Reviews

Great Expectations (RSC)

Editorial Staff

Editorial Staff

| London's West End |

8 December 2005

“Rotten architecture but wonderful gargoyles” is how Orwell described Charles Dickens’ writing. In fact Great Expectations is one of Dickens’ best-plotted books, with the pace of the thriller, lending itself far more easily to a stage adaptation than the wildly acclaimed 1970s Royal Shakespeare Company production of Nicholas Nickleby.

That’s not to say this book lacks gargoyles, chief among them the escaped convict Magwitch and Miss Haversham, perfectly cast here with the wonderful Sian Phillips as the vengeful, mouldering spinster. (Rather chillingly, Phillips is now a ringer for Livia, the character she played in I, Claudius in the 1970s.)

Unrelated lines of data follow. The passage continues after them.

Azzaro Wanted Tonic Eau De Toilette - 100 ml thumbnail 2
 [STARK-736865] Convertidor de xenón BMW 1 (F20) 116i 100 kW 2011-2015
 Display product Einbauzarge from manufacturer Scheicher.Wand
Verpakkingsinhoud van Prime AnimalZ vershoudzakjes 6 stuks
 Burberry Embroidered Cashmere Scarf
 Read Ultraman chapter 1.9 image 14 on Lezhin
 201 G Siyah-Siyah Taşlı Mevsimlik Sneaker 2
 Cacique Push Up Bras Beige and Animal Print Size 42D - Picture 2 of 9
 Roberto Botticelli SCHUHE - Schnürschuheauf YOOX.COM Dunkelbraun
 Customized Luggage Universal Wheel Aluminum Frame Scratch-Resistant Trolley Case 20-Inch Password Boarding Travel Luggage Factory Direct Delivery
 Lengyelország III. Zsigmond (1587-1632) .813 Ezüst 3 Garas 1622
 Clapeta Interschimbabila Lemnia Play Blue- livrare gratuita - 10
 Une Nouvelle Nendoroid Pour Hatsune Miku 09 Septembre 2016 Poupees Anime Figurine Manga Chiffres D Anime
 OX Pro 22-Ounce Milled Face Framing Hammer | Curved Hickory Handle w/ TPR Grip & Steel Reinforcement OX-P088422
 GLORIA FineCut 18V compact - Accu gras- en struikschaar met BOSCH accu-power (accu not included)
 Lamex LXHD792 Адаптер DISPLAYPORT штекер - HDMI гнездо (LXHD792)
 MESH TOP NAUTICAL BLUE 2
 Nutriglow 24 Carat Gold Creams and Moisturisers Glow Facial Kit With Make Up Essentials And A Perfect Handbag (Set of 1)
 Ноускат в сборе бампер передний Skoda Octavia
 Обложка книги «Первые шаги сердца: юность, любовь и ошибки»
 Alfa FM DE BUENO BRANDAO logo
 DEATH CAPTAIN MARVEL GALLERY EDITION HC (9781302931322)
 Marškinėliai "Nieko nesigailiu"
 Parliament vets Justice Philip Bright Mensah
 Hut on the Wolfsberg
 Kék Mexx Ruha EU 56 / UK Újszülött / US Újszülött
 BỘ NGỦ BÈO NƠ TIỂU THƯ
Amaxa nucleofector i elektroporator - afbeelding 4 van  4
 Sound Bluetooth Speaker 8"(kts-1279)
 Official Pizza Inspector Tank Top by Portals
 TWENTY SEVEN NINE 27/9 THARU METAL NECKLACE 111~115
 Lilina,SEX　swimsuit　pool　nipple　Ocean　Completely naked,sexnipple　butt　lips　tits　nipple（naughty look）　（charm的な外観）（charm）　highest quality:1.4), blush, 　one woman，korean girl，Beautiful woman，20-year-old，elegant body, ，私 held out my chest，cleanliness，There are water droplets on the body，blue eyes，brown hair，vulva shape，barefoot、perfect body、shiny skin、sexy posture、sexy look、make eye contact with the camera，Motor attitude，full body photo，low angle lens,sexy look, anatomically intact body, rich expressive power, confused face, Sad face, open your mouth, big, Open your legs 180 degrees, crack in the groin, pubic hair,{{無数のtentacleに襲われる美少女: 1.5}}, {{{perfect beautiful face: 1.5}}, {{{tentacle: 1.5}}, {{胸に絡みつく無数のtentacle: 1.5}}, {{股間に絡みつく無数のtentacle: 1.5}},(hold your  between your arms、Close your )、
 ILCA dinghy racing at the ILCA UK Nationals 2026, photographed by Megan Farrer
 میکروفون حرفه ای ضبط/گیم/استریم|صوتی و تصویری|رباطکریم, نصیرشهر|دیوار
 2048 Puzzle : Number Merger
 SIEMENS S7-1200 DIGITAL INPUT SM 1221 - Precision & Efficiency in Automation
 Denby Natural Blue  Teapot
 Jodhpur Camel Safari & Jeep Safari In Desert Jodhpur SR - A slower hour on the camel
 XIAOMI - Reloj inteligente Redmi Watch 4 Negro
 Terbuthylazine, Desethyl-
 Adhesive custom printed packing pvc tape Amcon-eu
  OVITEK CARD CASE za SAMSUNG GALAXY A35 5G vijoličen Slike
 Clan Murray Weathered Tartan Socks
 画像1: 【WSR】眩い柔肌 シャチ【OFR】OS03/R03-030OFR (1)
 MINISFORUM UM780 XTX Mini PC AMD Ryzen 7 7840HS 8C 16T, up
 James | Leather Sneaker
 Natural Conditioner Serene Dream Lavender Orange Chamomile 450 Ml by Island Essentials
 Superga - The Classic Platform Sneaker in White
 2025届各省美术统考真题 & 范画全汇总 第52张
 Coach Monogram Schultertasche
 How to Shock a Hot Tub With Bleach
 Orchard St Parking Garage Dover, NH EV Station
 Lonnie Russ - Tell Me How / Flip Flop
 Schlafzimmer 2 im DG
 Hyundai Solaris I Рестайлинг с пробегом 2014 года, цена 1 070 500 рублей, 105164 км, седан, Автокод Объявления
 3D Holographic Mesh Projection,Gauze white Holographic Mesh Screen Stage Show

Whenever a novel is adapted for stage or screen, the question inevitably begged is, how much is lost in the process, particularly in the case of a writer like Dickens, whose work, like Shakespeare’s, contains worlds. On the positive side this production, produced by the Cheek by Jowl artistic directors Declan Donnellan and Nick Ormerod, bowls along with various members of the cast picking up the narration.

Scenes segue quickly into one another, simple props used to suggest an interior being whizzed on and off. Another feature is that all the cast remain on stage throughout, looking on like a Greek chorus. In addition, the younger and older Pip, the hero of Great Expectations, alternate places in the space of a scene, something which initially, with the whole cast milling about as well, makes for some confusion.

Still, the design by Ormerod is handsome, suggesting both the open marshes and light of Pip’s boyhood years and the brick columns of the theatre which frame the stage, the London phase in his odyssey. There are strong performances to enjoy too, not least Phillips and Brian Doherty as the honest, salt-of-the-earth blacksmith Jo Gargery, to whom Pip was apprentice. The awkward reunion scene between Jo, all affection but ill at ease with Pip’s newly-acquired gentrification, is deftly done.

At the performance I attended, the near-capacity audience as a whole seemed muted, with youngsters nearby me more than a little restless, in the first half at least. Still, whatever your expectations, this is very far from being a bleak house.